■ Exercise prompt: Starting at the line below holding "For more fresh" and stopping at the line holding "Here's a 2012", print every line exactly, both ends included, and leave the rest out.

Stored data
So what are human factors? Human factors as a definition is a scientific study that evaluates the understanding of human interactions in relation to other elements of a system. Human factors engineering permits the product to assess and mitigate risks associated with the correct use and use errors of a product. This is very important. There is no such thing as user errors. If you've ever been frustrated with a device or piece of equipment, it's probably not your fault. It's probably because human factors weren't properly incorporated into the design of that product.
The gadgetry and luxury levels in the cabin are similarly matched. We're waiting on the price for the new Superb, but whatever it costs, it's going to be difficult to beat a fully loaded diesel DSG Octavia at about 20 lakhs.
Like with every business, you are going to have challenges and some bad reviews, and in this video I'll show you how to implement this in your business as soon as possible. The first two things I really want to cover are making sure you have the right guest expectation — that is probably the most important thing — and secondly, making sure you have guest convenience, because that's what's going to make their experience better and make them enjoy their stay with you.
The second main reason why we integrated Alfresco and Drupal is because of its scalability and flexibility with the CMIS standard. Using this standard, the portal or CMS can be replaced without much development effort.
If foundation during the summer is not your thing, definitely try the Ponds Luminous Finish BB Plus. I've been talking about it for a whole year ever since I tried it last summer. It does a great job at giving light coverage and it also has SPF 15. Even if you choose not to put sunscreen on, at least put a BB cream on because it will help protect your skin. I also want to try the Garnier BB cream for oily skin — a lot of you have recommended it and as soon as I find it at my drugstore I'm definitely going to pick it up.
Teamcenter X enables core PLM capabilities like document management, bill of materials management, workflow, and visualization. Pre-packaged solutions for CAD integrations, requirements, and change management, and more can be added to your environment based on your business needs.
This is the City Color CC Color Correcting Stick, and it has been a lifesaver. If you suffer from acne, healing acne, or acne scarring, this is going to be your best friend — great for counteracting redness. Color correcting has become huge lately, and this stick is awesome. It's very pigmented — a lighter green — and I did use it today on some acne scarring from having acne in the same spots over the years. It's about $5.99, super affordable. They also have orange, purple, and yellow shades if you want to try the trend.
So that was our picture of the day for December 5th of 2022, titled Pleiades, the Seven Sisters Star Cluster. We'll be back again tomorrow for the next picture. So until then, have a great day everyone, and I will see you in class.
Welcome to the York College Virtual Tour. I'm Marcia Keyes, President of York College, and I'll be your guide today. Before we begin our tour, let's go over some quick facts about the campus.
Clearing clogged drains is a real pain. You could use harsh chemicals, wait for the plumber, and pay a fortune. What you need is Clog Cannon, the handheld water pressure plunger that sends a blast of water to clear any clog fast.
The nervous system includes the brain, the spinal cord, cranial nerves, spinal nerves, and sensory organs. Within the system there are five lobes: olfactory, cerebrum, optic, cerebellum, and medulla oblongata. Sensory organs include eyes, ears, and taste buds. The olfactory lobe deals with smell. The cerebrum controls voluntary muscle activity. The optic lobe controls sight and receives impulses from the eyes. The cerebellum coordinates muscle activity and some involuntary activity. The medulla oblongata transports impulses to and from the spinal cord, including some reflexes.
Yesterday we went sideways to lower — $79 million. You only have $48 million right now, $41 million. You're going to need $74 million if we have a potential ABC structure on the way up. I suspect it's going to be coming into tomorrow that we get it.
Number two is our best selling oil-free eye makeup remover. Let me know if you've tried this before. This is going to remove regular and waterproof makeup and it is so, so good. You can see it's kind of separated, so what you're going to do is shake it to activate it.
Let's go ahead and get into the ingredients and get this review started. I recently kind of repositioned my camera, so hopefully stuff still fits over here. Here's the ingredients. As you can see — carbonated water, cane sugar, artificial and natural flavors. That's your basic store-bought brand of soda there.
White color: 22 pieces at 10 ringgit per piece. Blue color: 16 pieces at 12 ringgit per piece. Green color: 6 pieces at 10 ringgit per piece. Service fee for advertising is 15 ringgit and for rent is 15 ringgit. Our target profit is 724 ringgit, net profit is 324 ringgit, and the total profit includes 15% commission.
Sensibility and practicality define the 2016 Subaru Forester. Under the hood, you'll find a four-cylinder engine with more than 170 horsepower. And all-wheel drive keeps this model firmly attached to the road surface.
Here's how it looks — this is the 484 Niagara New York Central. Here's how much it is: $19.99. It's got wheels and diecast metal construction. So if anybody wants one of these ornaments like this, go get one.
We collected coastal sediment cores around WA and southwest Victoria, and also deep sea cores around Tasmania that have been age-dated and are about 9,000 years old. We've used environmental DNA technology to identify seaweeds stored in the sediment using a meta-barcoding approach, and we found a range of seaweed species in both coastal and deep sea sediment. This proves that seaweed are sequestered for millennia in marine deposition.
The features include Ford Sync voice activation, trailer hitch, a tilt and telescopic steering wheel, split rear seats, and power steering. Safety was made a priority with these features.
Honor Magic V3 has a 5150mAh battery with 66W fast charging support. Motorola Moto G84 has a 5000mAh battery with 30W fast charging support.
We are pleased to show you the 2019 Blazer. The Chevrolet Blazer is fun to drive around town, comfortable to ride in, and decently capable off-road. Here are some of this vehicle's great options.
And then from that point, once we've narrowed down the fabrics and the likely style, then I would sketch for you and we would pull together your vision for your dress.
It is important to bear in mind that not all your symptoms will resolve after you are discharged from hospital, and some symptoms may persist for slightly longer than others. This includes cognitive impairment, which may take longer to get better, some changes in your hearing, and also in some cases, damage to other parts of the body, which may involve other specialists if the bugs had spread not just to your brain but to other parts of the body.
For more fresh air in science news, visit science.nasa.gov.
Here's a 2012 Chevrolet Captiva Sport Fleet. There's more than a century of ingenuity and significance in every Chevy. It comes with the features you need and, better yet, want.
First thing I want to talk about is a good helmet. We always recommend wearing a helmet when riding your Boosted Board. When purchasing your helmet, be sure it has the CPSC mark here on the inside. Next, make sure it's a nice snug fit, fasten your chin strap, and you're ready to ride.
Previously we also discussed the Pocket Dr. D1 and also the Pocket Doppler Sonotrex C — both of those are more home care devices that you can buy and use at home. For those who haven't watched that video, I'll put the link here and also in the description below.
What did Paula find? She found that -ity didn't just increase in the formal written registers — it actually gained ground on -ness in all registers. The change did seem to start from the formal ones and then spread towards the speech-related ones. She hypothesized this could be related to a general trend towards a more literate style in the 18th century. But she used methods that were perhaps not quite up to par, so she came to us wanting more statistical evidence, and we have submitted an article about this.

■ Exercise answer:
For more fresh air in science news, visit science.nasa.gov.
Here's a 2012 Chevrolet Captiva Sport Fleet. There's more than a century of ingenuity and significance in every Chevy. It comes with the features you need and, better yet, want.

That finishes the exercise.